Short descriptive text snippets
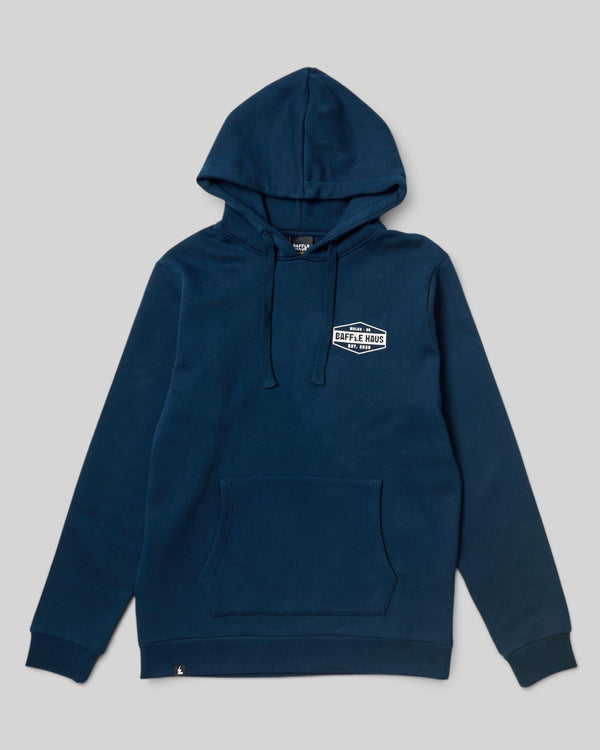Baffle Haus Retro Hoodie in pageant blue featuring a white chest logo, drawstring hood, and front kangaroo pocket.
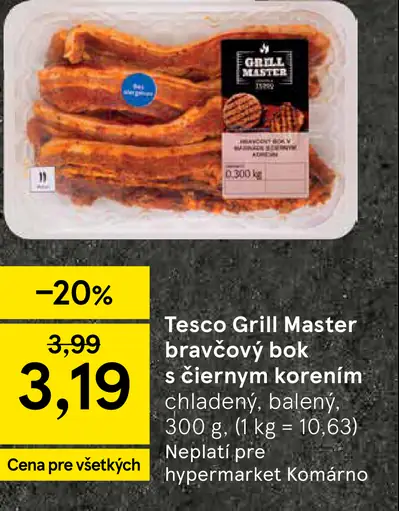 Tesco Grill Master bravčový bok s čiernym korením
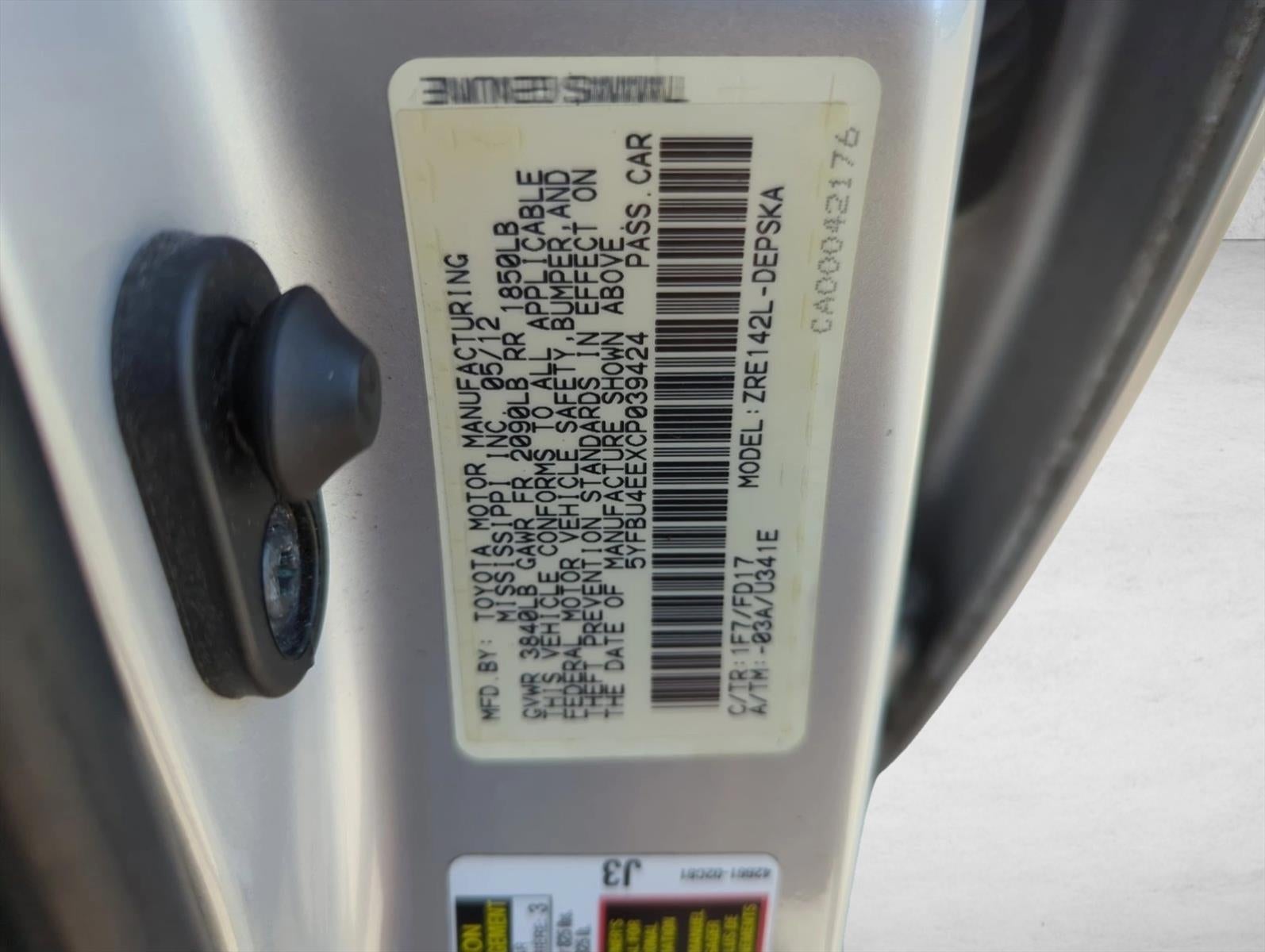 2012 Toyota Corolla 4dr Sdn Auto S (Natl)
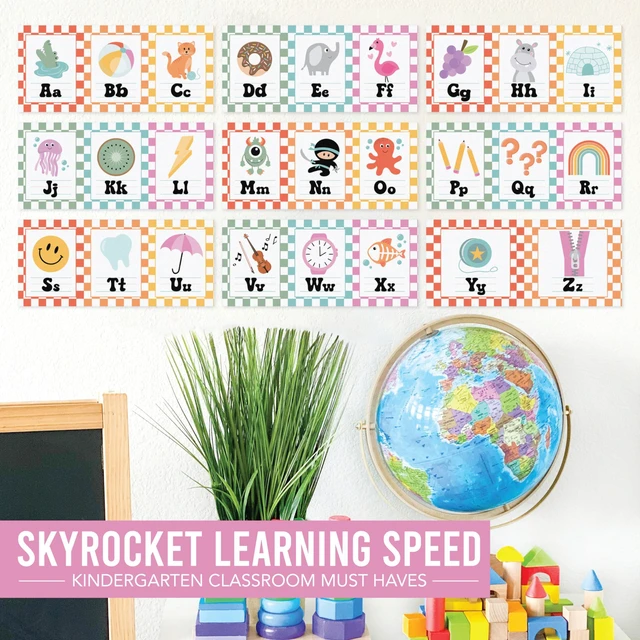 Alt view image 3 of 7 - Alphabet for Classroom Wall Decor -Alphabet Poster & Letters ABC Letters and Number Card for Preschool & Kindergarten Retro Classroom Decorations, Homeschool Decor and Daycare Essentials
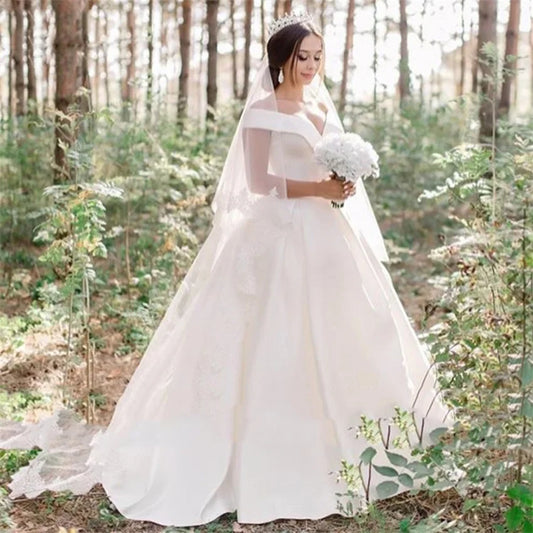 Simple Satin Wedding Dresses Sexy V-neck Off The Shoulder A-line Floor Length robe de mariée Fiesta De Boda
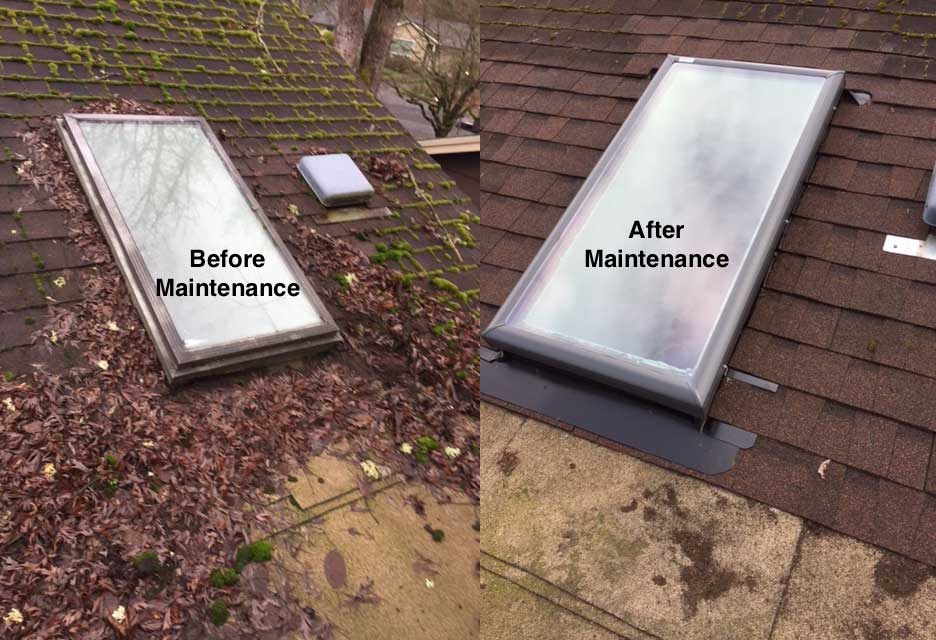 Our roofing services clean roofs as well as gutters and maintain roofs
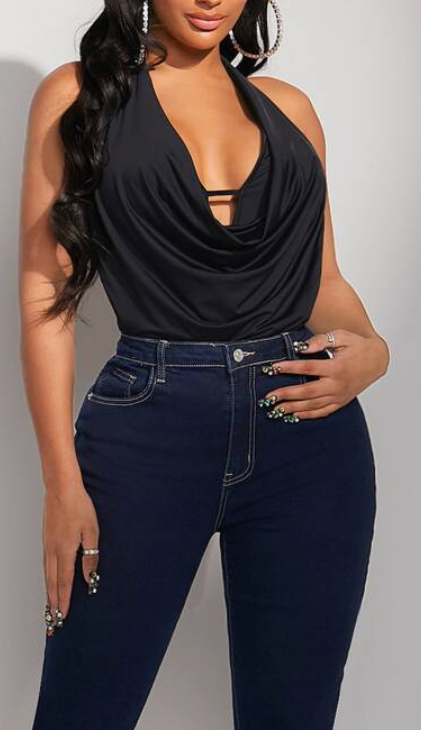 Draping Halter Bodysuit Plus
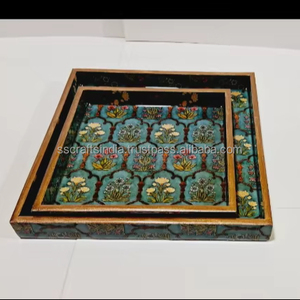 ชุดถาดไม้สี่เหลี่ยมผืนผ้าสำหรับเสิร์ฟแบบทันสมัยถาดไม้/หอยออกแบบได้ตามต้องการเป็นมิตรต่อสิ่งแวดล้อม - Product Image 1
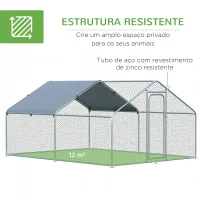 PawHut Galinheiro de Exterior Grande de Metal Galvanizado 3x4x1,95 m com Porta e Cobertura de Tecido de Oxford Prata(m-6)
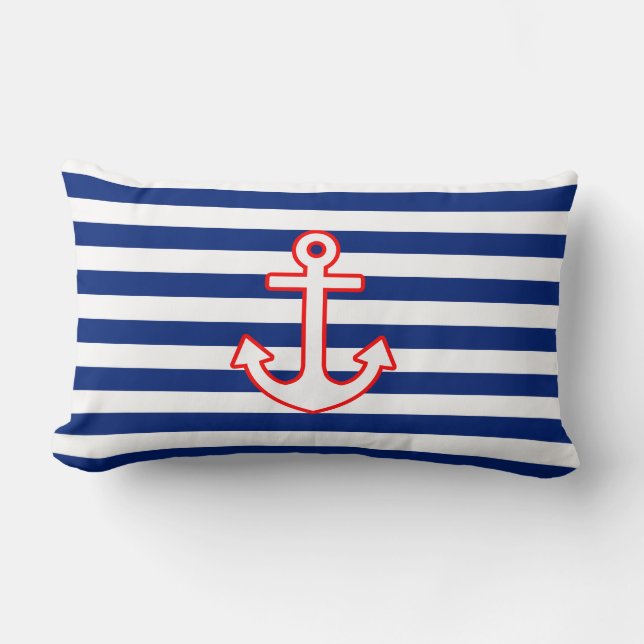 Nautical Style Anchor on Stripes Lumbar Pillow (Front)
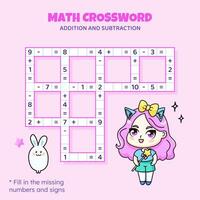 matematica cruciverba puzzle per bambini. aggiunta e sottrazione. conteggio su per 10. gioco per bambini. vettore illustrazione. colorato cruciverba con cartone animato anime ragazza. compito, formazione scolastica Materiale per bambini.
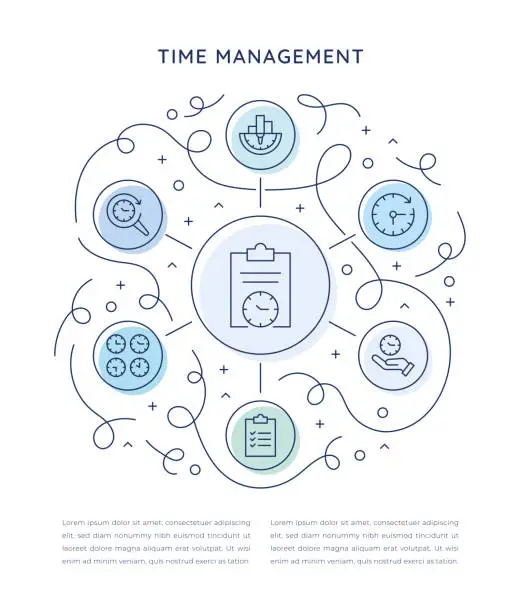 Vector illustration of The Management Six Steps Infographic Template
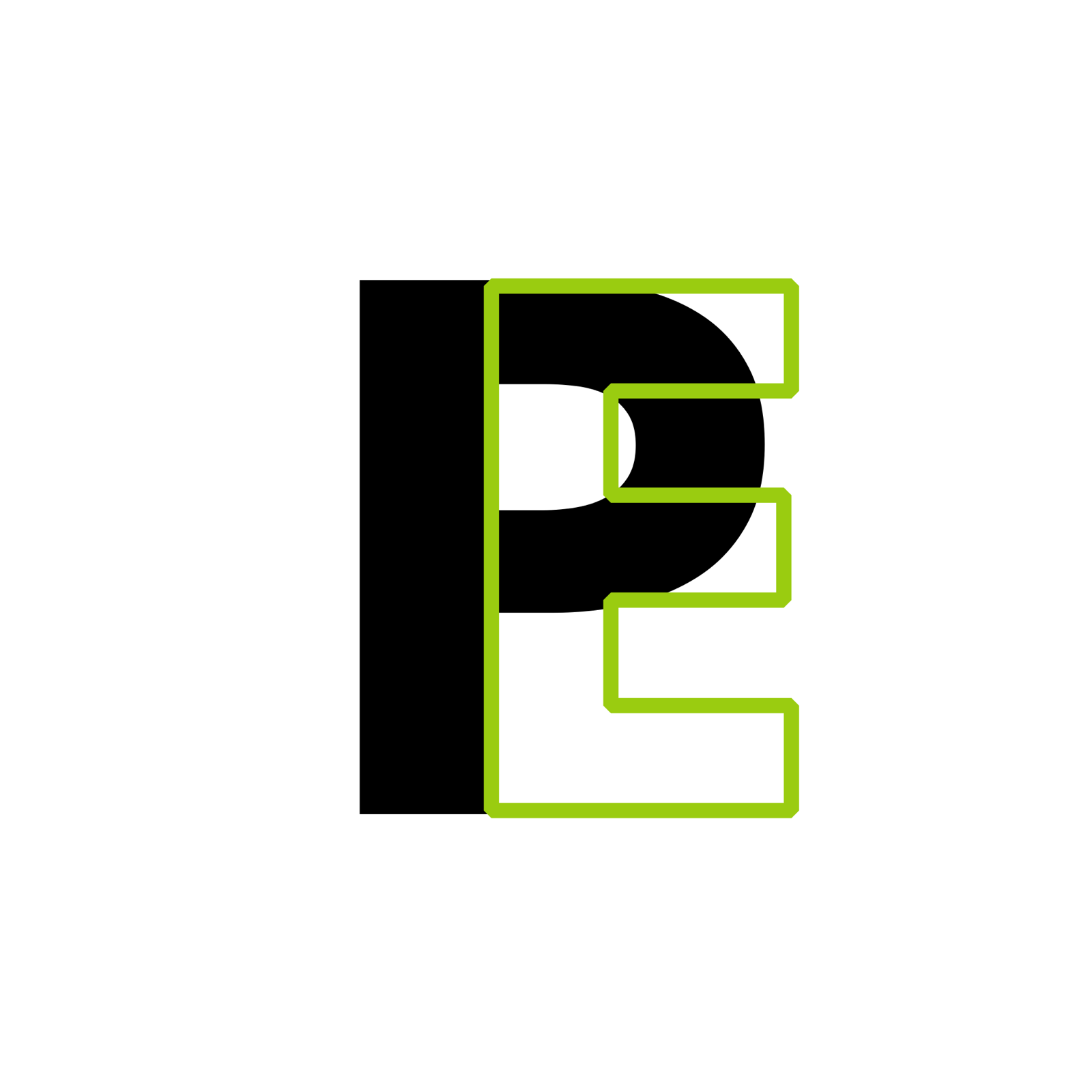 A black letter p with a green outline on a white background.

■ **Exercise details**
Write out again only the lines from the line that contains "matematica cruciverba puzzle" through the last line of the records, both ends included, without any of the pictures.

■ **Exercise solution**
 matematica cruciverba puzzle per bambini. aggiunta e sottrazione. conteggio su per 10. gioco per bambini. vettore illustrazione. colorato cruciverba con cartone animato anime ragazza. compito, formazione scolastica Materiale per bambini.
 Vector illustration of The Management Six Steps Infographic Template
 A black letter p with a green outline on a white background.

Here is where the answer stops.